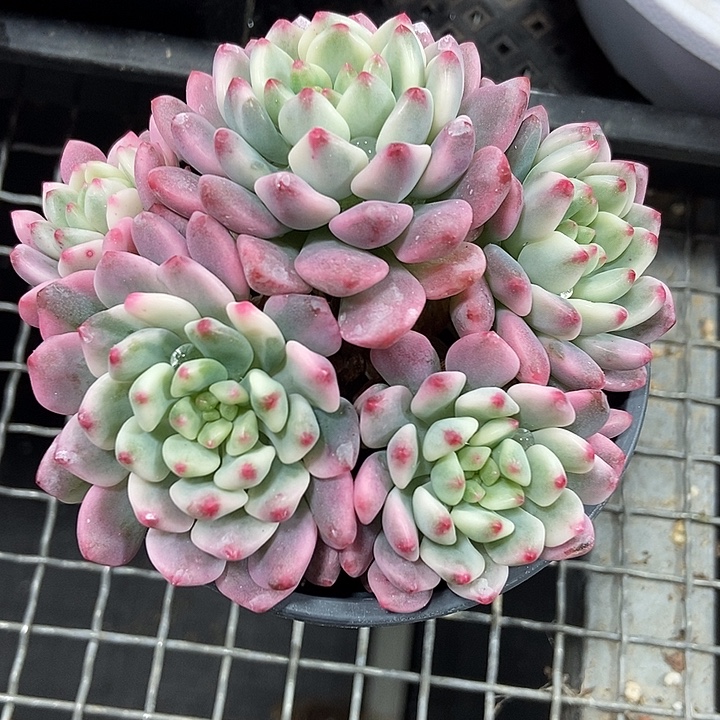 蓝苹果锦多肉植物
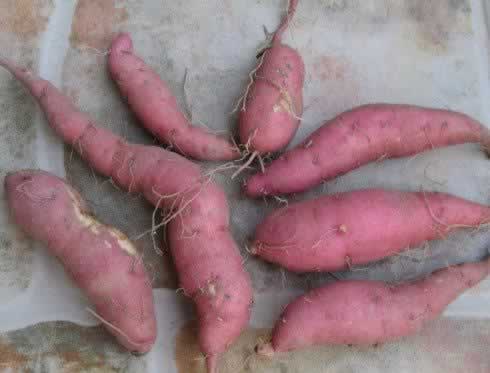 ���俾������������������ף�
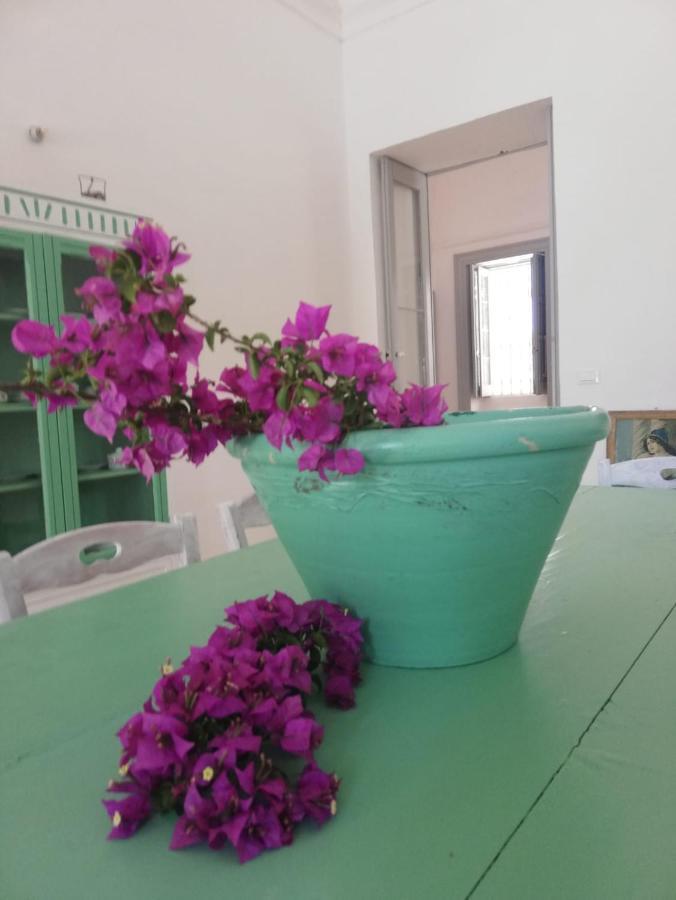 Masseria Pugliese Deluxe 奥斯图尼 外观 照片
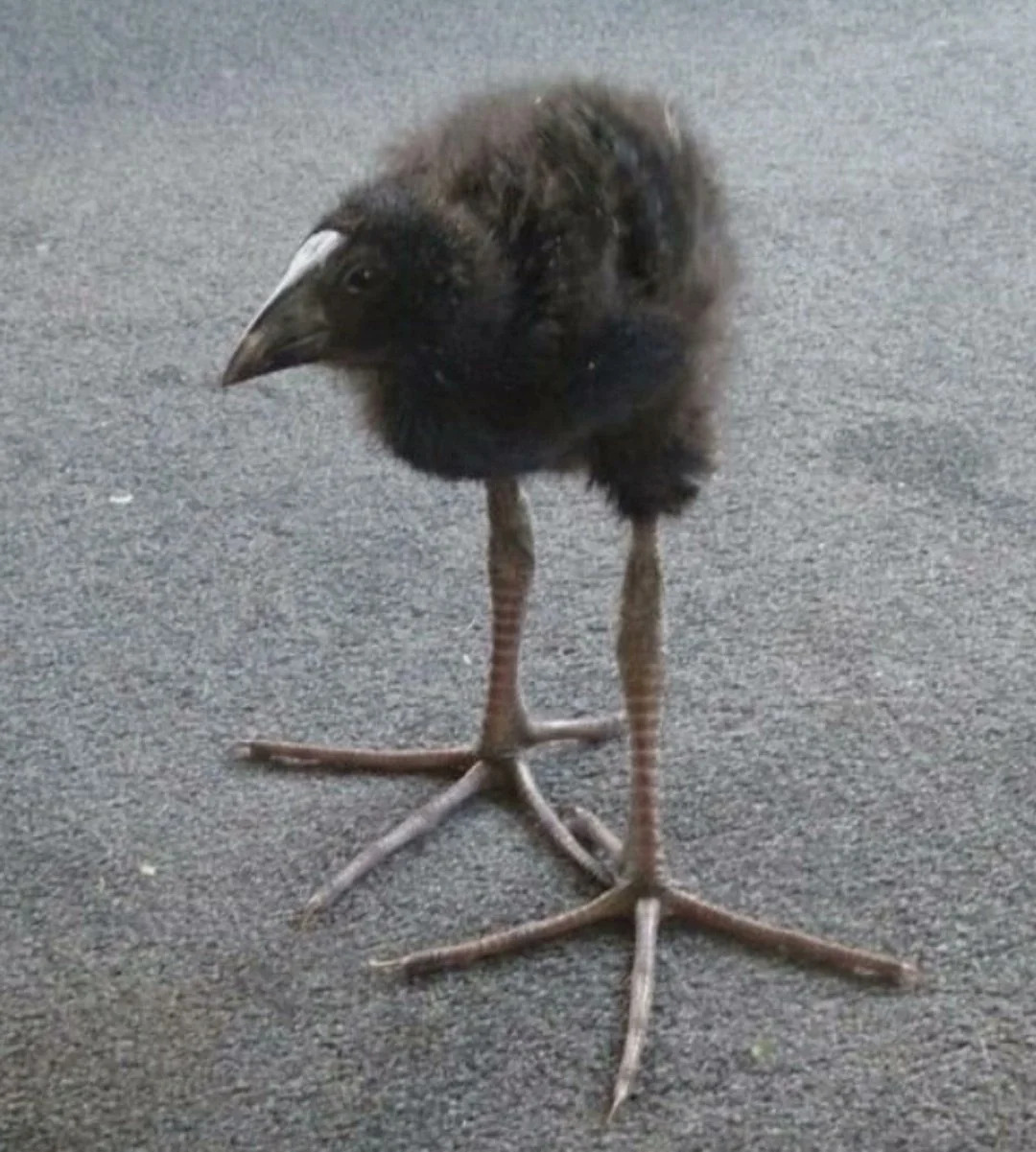 Pukeko chick Blank Meme Template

=======

[Your goal]
Once the pictures are dropped, repeat the data above exactly.

[Result of the task]
 蓝苹果锦多肉植物
 ���俾������������������ף�
 Masseria Pugliese Deluxe 奥斯图尼 外观 照片
 Pukeko chick Blank Meme Template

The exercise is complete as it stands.